> _The data_:
---------------

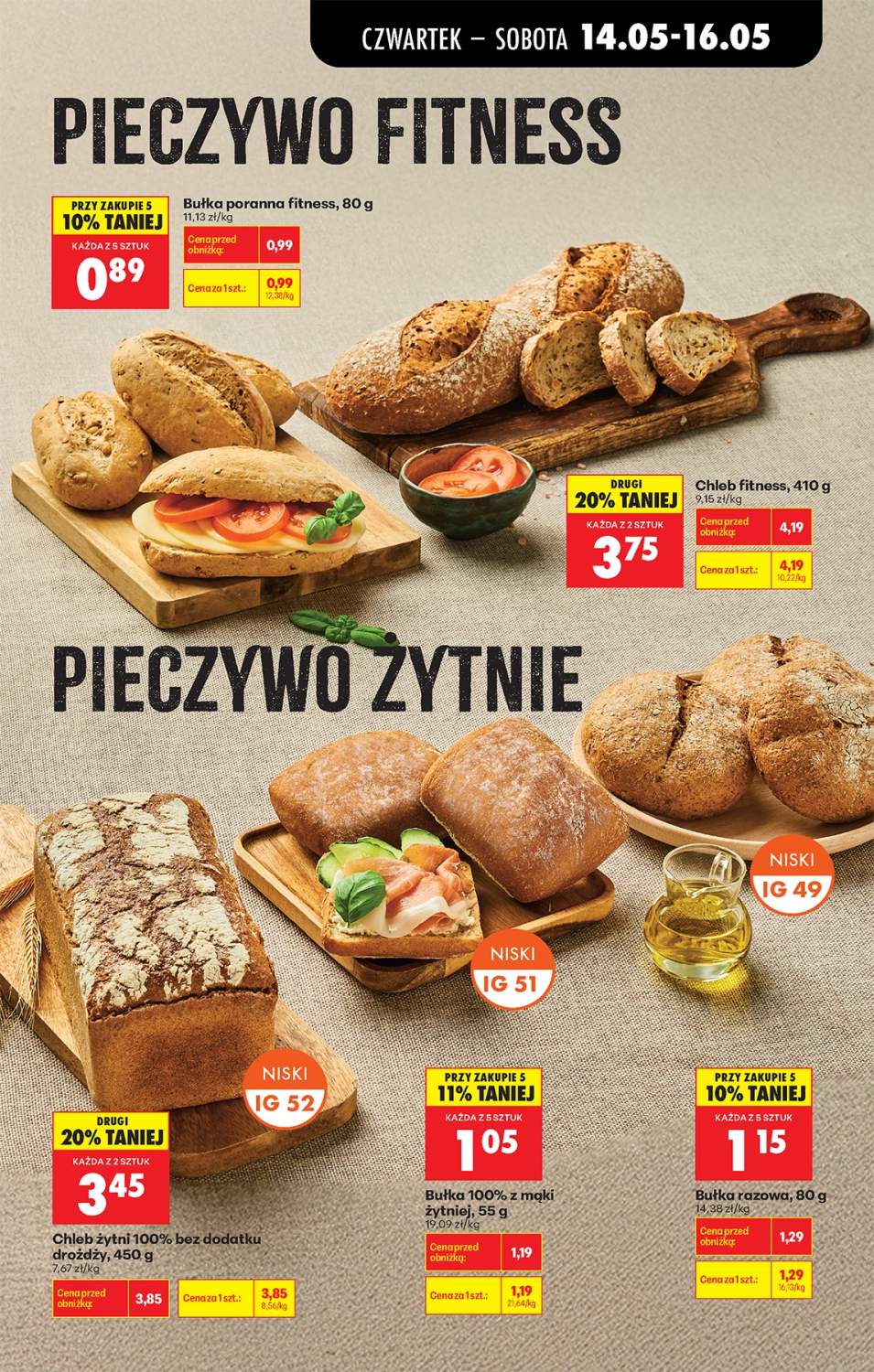 Gazetka – strona 41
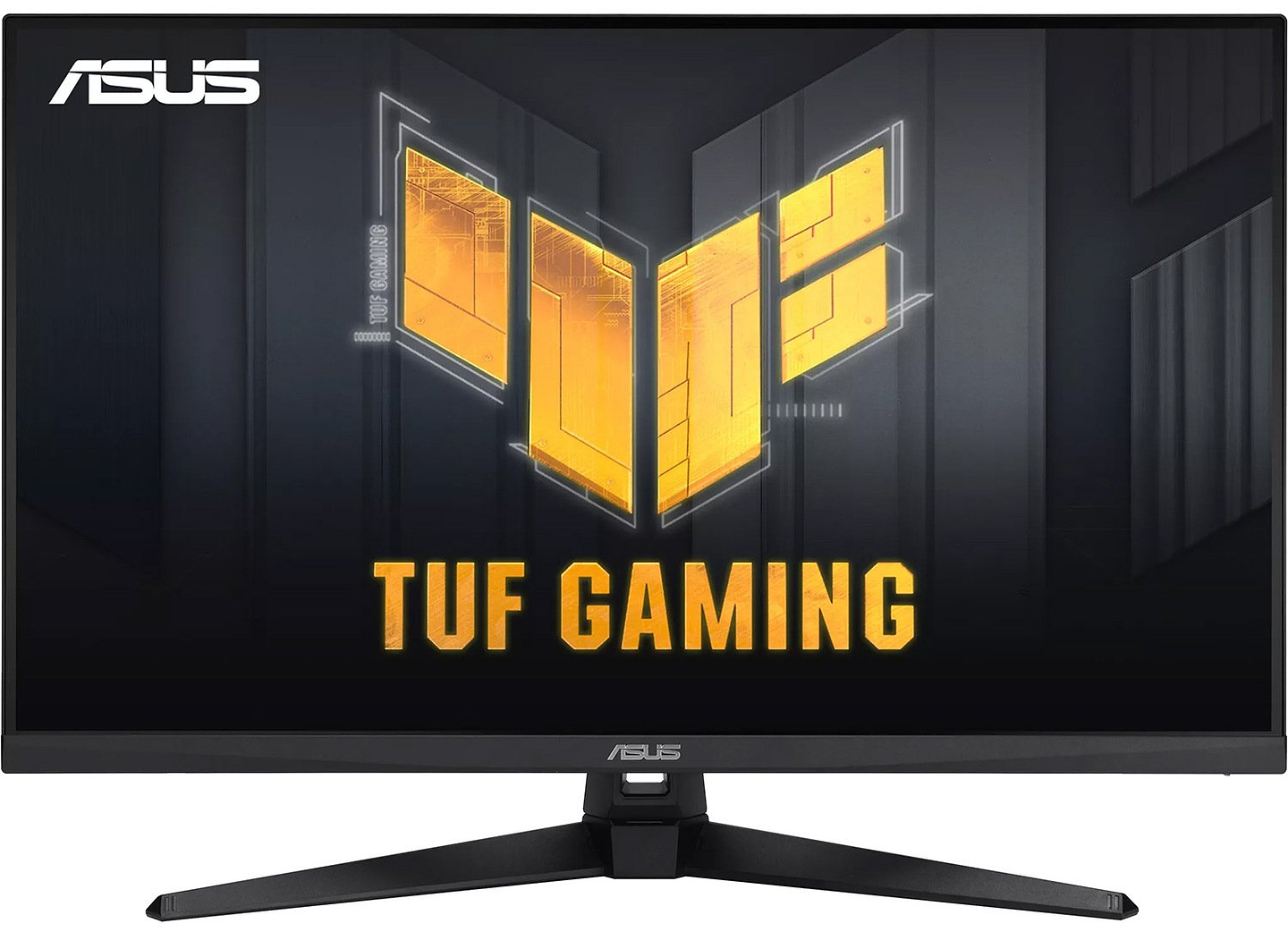 Монітор ігровий Asus VG32UQA1A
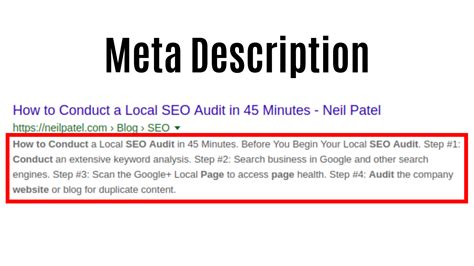 How To Build A Long Term Seo Strategy For Beginners Scoopfed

---------------

> _Problem_: Once the pictures are set aside, the remaining data must be transcribed exactly.

> _Response box_:
 Gazetka – strona 41
 Монітор ігровий Asus VG32UQA1A
 How To Build A Long Term Seo Strategy For Beginners Scoopfed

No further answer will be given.